By Joe Vaillancourt
After decades of recuperation, the bald eagle population in Michigan has risen to a level that has prompted officials to remove the bird from the state endangered species list.
“In the 1950s and 1960s, chemicals in pesticides had an impact on many birds at the top of the food chain,” said Christopher Hoving, endangered species coordinator at the Department of Natural Resources (DNR).
“The chemicals weakened the eggs, so when the birds sat on them, they would crush them. It ceased reproduction for a while. Many birds of prey are slowly making comebacks. It’s been a culmination of decades of conservation,” he said.
The bald eagle is now off both state and federal endangered species lists for Michigan. However, the federal Bald Eagle Protection Act of 1940 makes it a crime to hunt, kill or otherwise harm them.
According to the department, there were fewer than 100 nests in the state in 1969. In 2006, there were nearly 500 occupied nests, and the number is growing.

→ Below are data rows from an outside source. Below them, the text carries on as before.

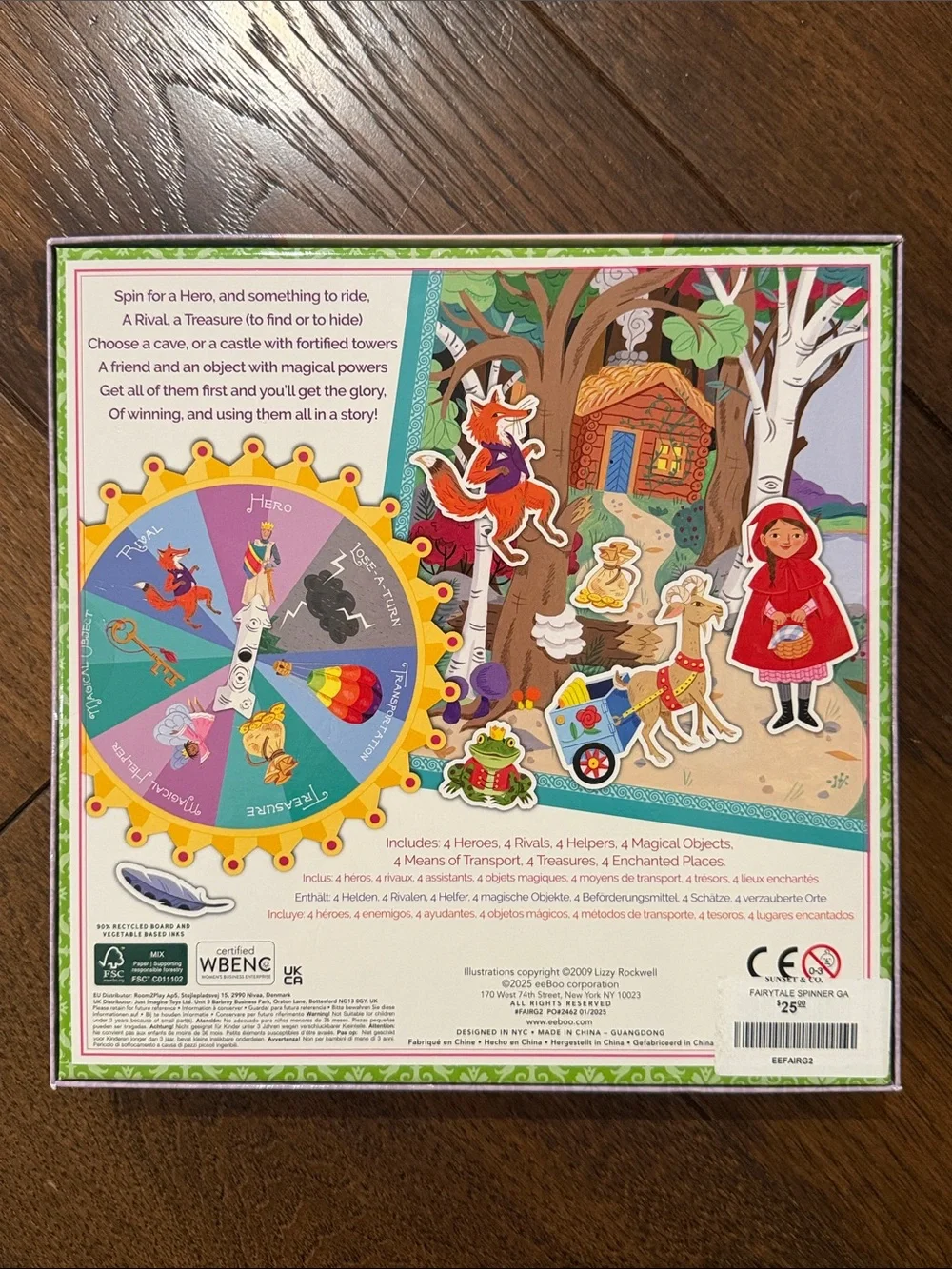 Eeboo nwt fairytale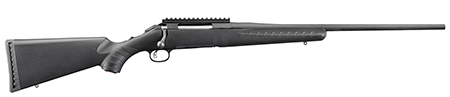 Ruger 6901 American  Full Size 30-06 Springfield 4+1 22" Matte Black Alloy Steel Barrel, Matte Black Steel Receiver w/Picatinny Rail, Black Fixed Synthetic Stock, Right Hand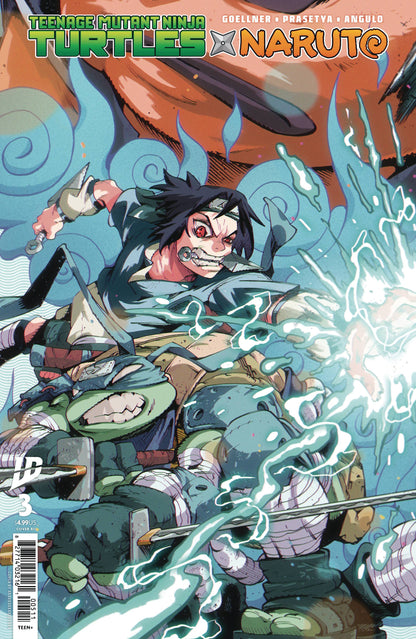 Teenage Mutant Ninja Turtles X Naruto #3 A1 Cover Set Of 8 1:25 1:50 1:75 1:100 (03/26/2025) Idw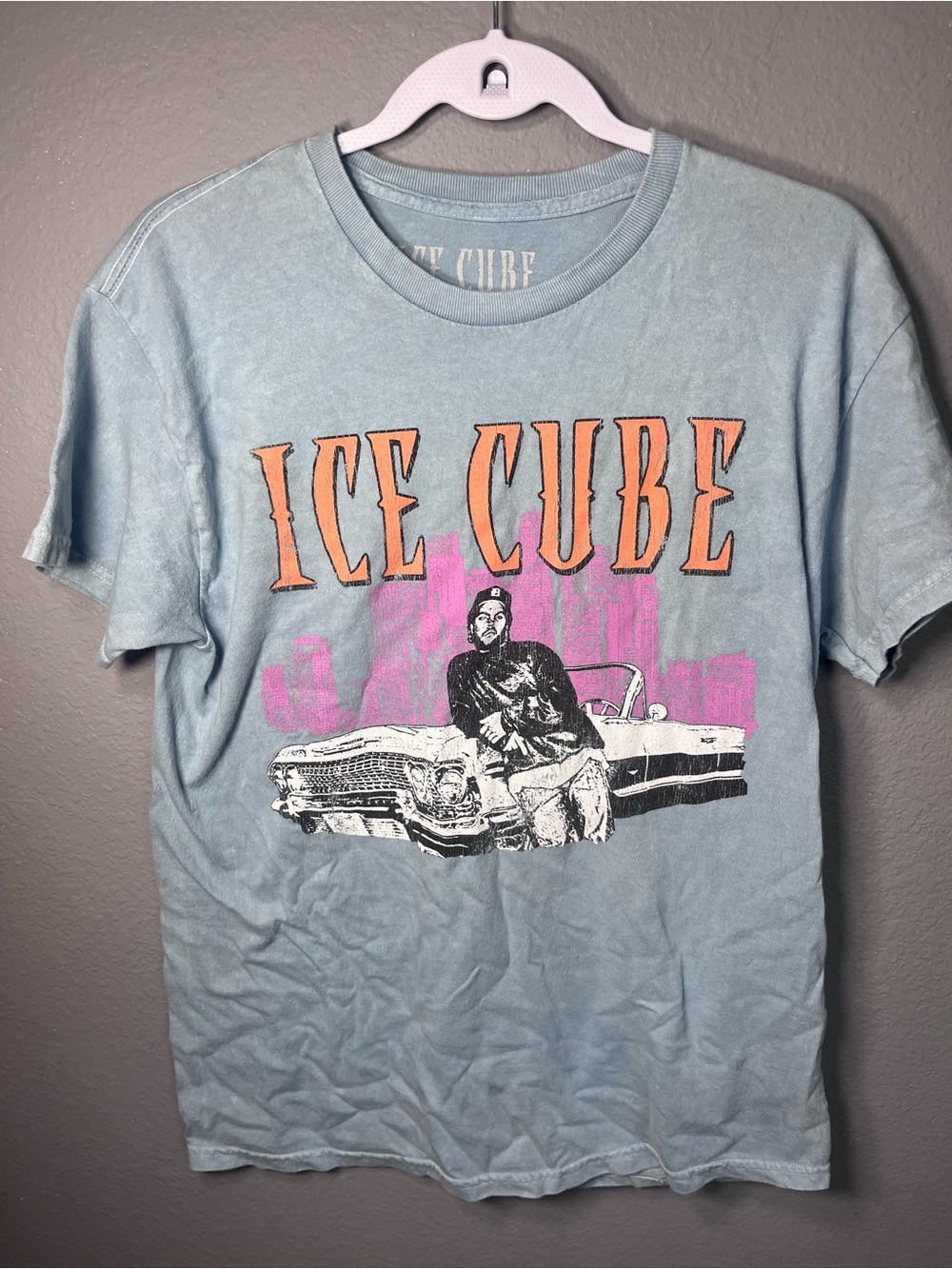 Ice Cube Short Sleeve Graphic Tee - Light Blue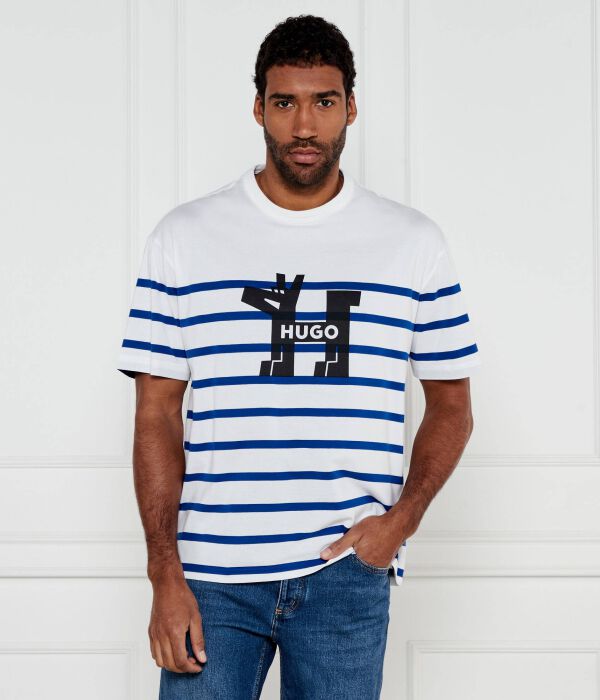

Футболка nolastripe Loose fit Hugo Blue, синий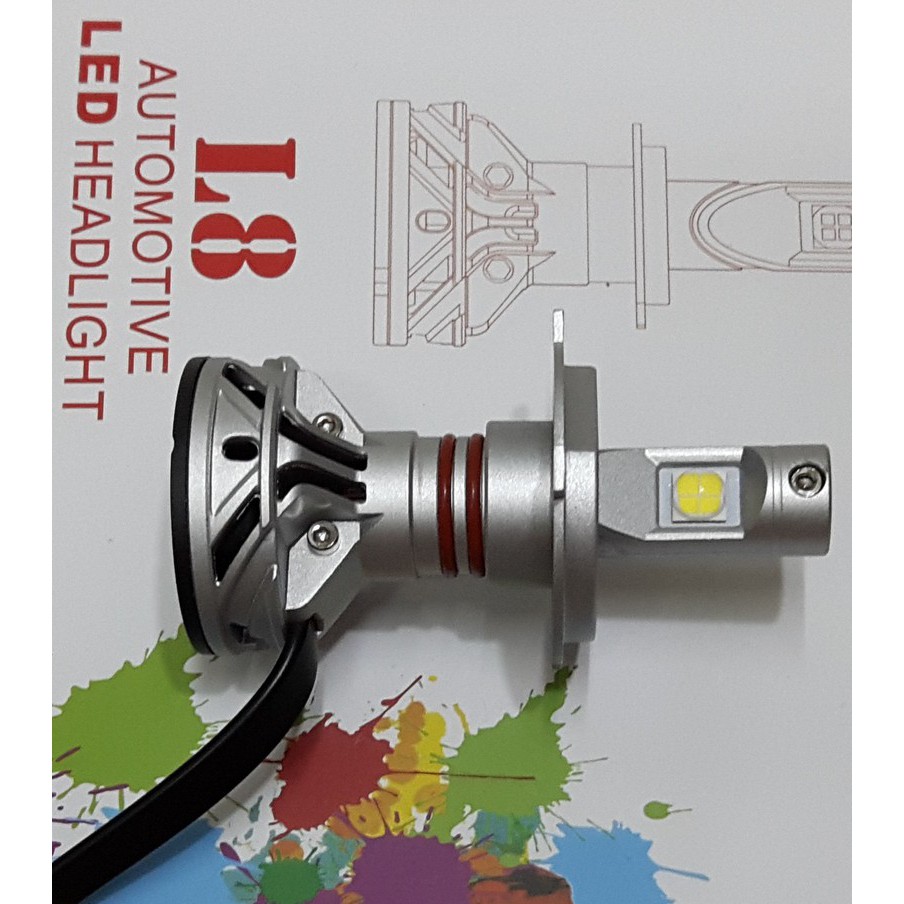 CHÍNH HÃNG - Đèn pha led XHP70 L8 60W 7000lm - xe máy, oto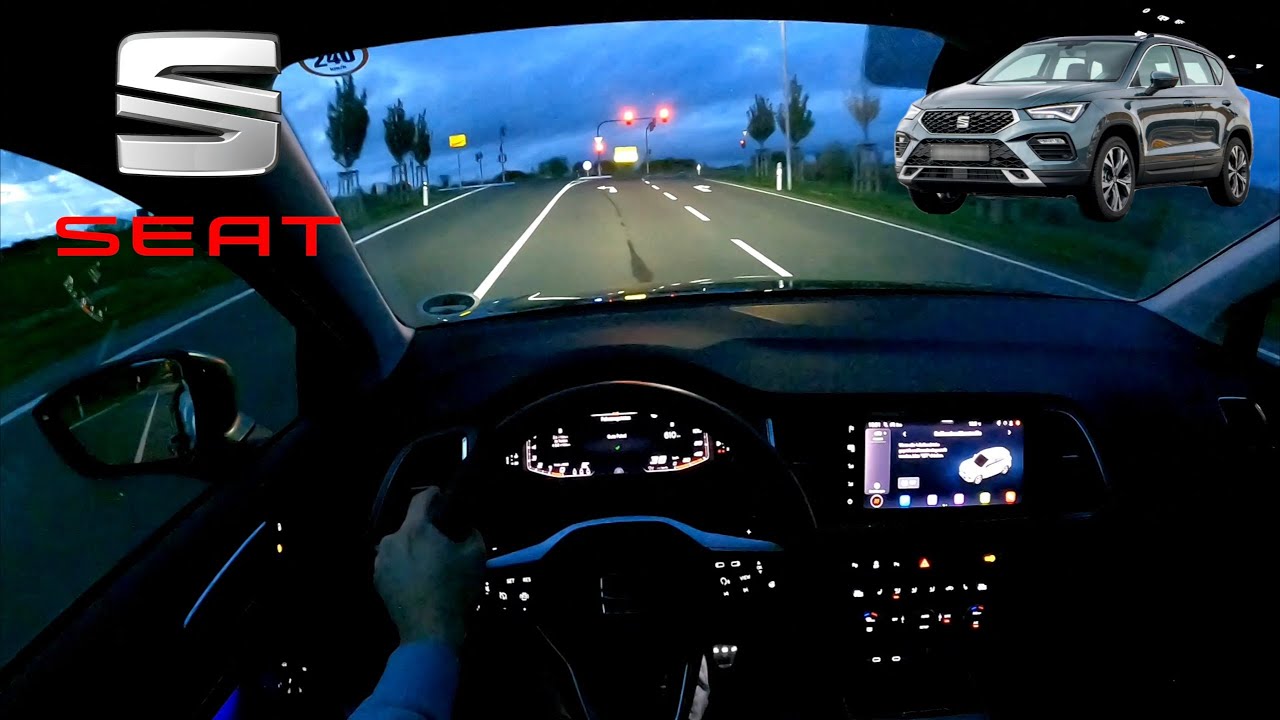 Seat Ateca FR POV Night Drive | City Downtown Vibes | ASMR night cruising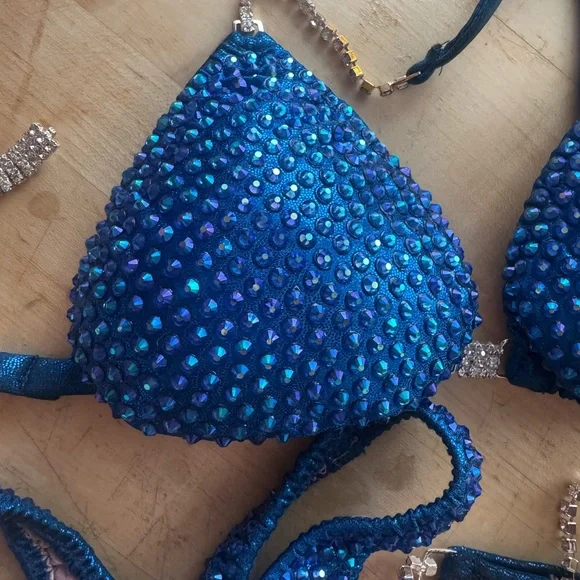 3 PIECE! BIKINI COMPETITION SUIT OCB IFBB NPC - Picture 4 of 8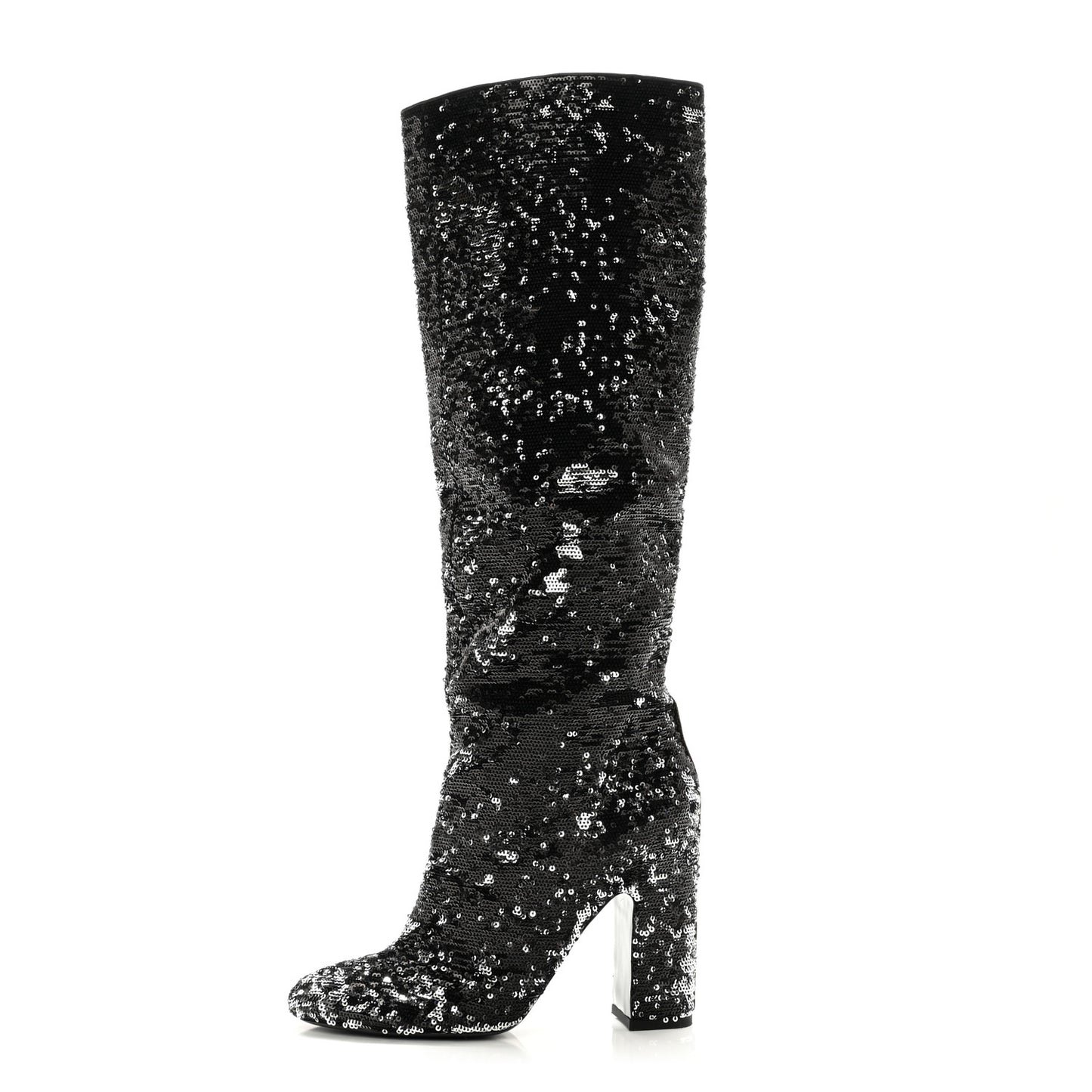 Sequin Donna High Boots 39 Black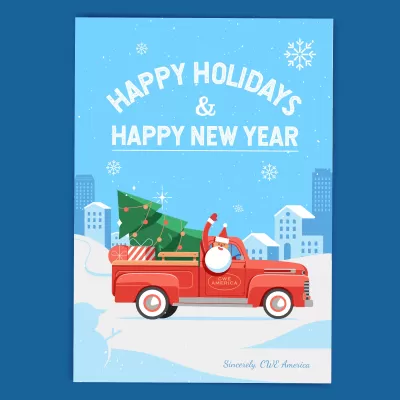 I will do christmas card, holiday invitations, or party poster design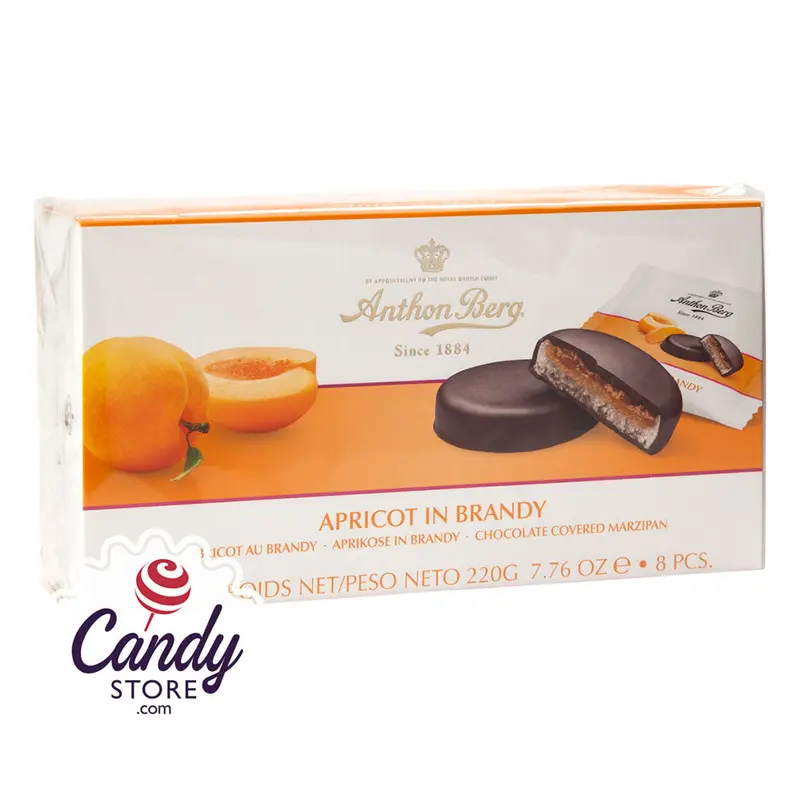 Anthon Berg Apricot In Brandy 7.76oz Boxes - 12ct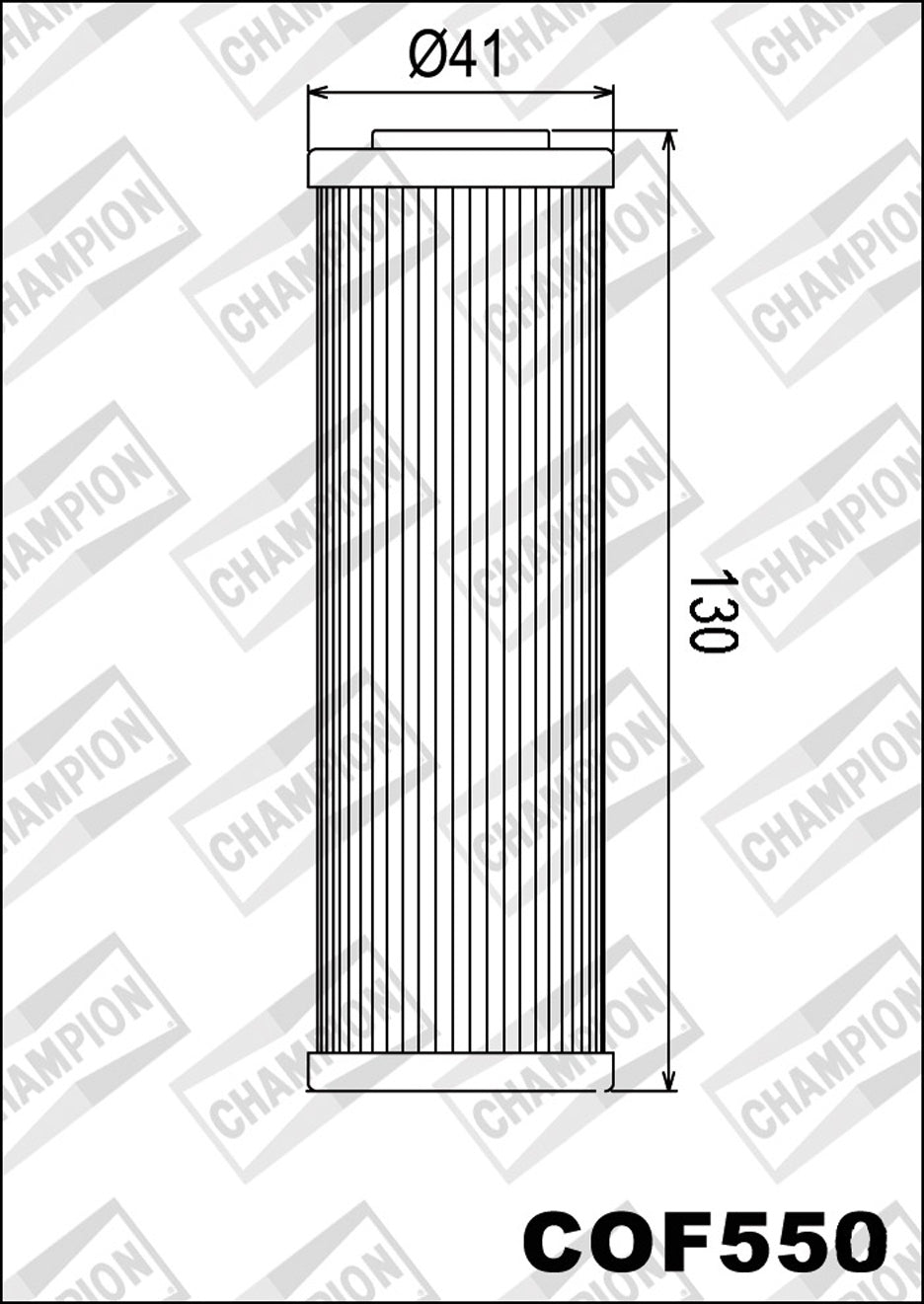 Champion Oil Filter COF550 (HF650)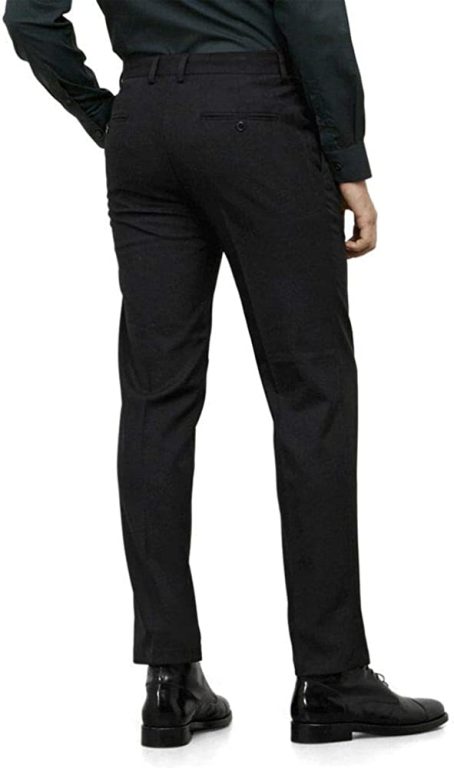 Kenneth Cole Reaction Men’s Stretch Modern-Fit Flat-Front Pant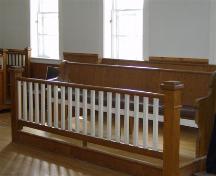 Jury seating, second floor court room, Old Court House, Barrington, 2008.; Department of Tourism, Culture and Heritage
Province of Nova Scotia 2008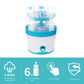 Multi-Purpose Electric Baby Bottle Sterilizer and Warmer - Pink/Blue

Hoving said bald eagles thrive in the northern Lower Peninsula and Upper Peninsula, but there have been recent sightings in Calhoun and Kalamazoo counties.
“Bald eagles are pretty much found statewide,” said Tom Funke, director of conservation at the Michigan Audubon Society. “Almost every county has sightings, even if there may be only one or two eagles.”
He said Michigan ranks among the nation’s largest bald eagle populations. Among 24 continental states surveyed in 2006, the U.S. Fish and Wildlife Service recorded having 482 breeding pairs in Michigan, second to Wisconsin with 1,065.
“A lot of birds will be in coastal or north country communities,” Funke said. “The most bald eagles are in Alaska. States comparable to Michigan include Oregon, Minnesota and Washington.”
“The bald eagle population in Michigan is increasing all the time. They are fairly common in Monroe and Wayne counties,” said Ray Adams of the Kalamazoo Nature Center.
Adams is compiling the second edition of the “Michigan Breeding Bird Atlas.” The first atlas was published in 1991.
He said the southern half of the Lower Peninsula has experienced the biggest expansion in bald eagle population.
“At the time of the first atlas, bald eagles were found in 15.7 percent of Michigan townships. Our recent research saw that number rise to 27.7 percent,” Adams said.
Amy Spray, policy director for the Michigan United Conservation Clubs, said the state will continue to monitor bald eagles.
“When an animal is on the state endangered species list, it shows the federal government what the state is doing to protect the animal,” she said. “Although the bald eagle is not on the list, it will have similar protection.
“They’re at a population level where they don’t have to be individually managed,” Spray said.
The DNR’s Hoving said wildlife experts review the endangered species list every two years. If an animal is proposed for removal, the experts conduct a full review of the species in the state.
DNR then opens the list up for public comments and suggestions.
After DNR finalizes any proposed change in the endangered species list, it must pass the state Legislature and become law.
Funke said delisting the bald eagle is a strong statement of improved conservation.
“When I was a kid, it was a big deal to see a bald eagle,” he said. “The population increase is great. I want no endangered animals in Michigan. As a conservationist, I want to put myself out of a job.”